El mismo día que Nih se presentó voluntario, Salek entró en la escuela militar. Es una de las tres academias enfocadas a jóvenes y hombres de más de 40 años sin ninguna instrucción. Existen otras dos. Una para menores, donde se forman hasta ser adultos, y otra exclusivamente para mujeres. Todas ellas ubicadas, desde hace años, en los alrededores de los campamentos y todas con el nombre de un mártir saharaui.
“No sé cuánto tiempo estaremos aquí. Supongo que hasta que estemos listos para ir al frente”, afirma Salek. Ha pasado su infancia en los campamentos y vive a caballo entre Bilbao, donde estudió bachillerato, y su campamento natal, El Aaiún. No es de extrañar que tenga acento vasco. “Tengo la oportunidad de ir cuando quiera pero prefiero estar aquí. No hace mucho que vine para esto, para ir a la guerra”.

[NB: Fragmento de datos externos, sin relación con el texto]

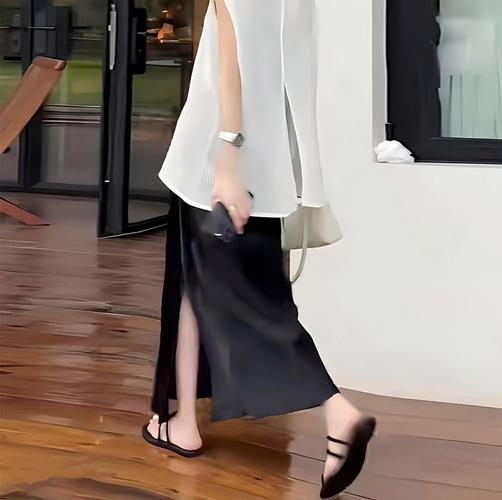 后开叉中长裙怎么搭配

“Hay cosas que hay que vivir para entenderlas. He decidido presentarme voluntario para luchar por mi tierra, para liberarla, porque ya estamos hartos de esperar más de 30 años aquí en el desierto”, dice. Salek, al igual que Nih, lleva toda su vida escuchando historias familiares de cómo después de una guerra, Argelia, vecino y enemigo de Marruecos, les prestó una parte de su territorio para vivir de manera provisional mientras esperaban un referéndum que no ha llegado. “Hasta ahora la ONU no ha hecho nada por nosotros y la única solución que veo es la lucha armada para que nos devuelvan lo nuestro”.

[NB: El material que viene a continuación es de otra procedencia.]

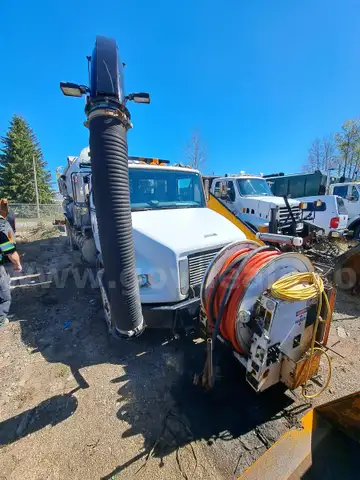 1998 Freightliner FL80 Vacuum Truck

Uno de los profesores de Salek se llama Mohamed. Que el maestro tenga dos años menos que su alumno es fácil de explicar si tenemos en cuenta la experiencia personal de cada uno. Mohamed es militar. Después de terminar los entrenamientos y sus estudios militares estuvo en Argelia otros dos años formándose como instructor. Más allá de la experiencia, valora “tener buena condición física y conocimientos después de aprobar varios exámenes”. No es el único profesor, pero sí es de los más jóvenes. Los demás “son héroes de la guerra pasada que tienen mucha experiencia en terreno, en el trato con militares marroquíes y en el muro”. Se refiere a los más de 2.700 kilómetros de muro minado que separan la parte ocupada por Marruecos del resto del Sahara Occidental.

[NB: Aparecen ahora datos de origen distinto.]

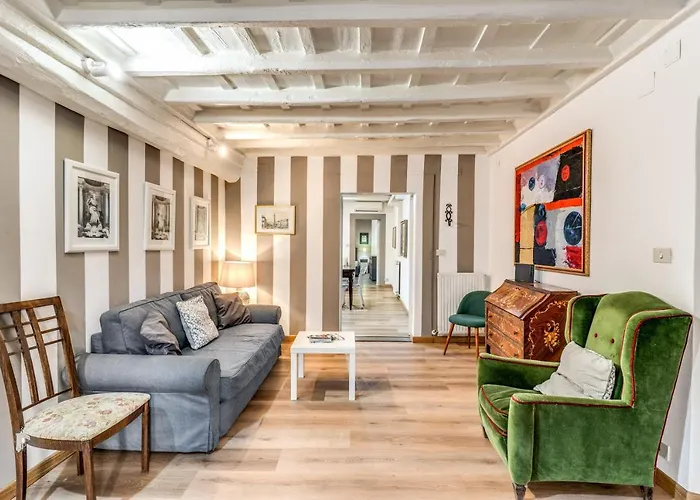 Lovely Spacious Near The Colosseum * Rome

“Llevo siete años dando clase a los saharauis, pero en esta escuela es la primera vez”. Enseña desde hace más de 14 días cómo desenvolverse “en el muro con las minas”. Mohamed resume el objetivo de sus clases en preparar emocional, física y psicológicamente a sus reclutas. “A veces trabajamos de noche. Levantamos a los alumnos con tiros en el aire a las dos o a las tres de la mañana y les enseñamos a combatir en la oscuridad, en el frío y con sorpresas”, sostiene.
El caso de Fatimatu es diferente al de los tres anteriores. Su marido es soldado y se fue a su base militar un día después de la ruptura del alto el fuego en Guerguerat. “Pocas veces hablo con él porque no deben conectarse mucho. Me dijo que están preparándose por si tienen que ir al muro”, cuenta. Está convencida de que, cualquier día, su marido estará en la primera línea de combate. “Tengo mucho miedo a la guerra y no me gusta, pero es lo que hay. Debo tener esperanza y pensar en lo bueno”, afirma. Fatimatu es madre de gemelos de 17 meses. Mientras su marido espera un nuevo destino, ella patrulla hasta las once de la noche por su campamento, una labor que realiza junto a otras mujeres de su familia.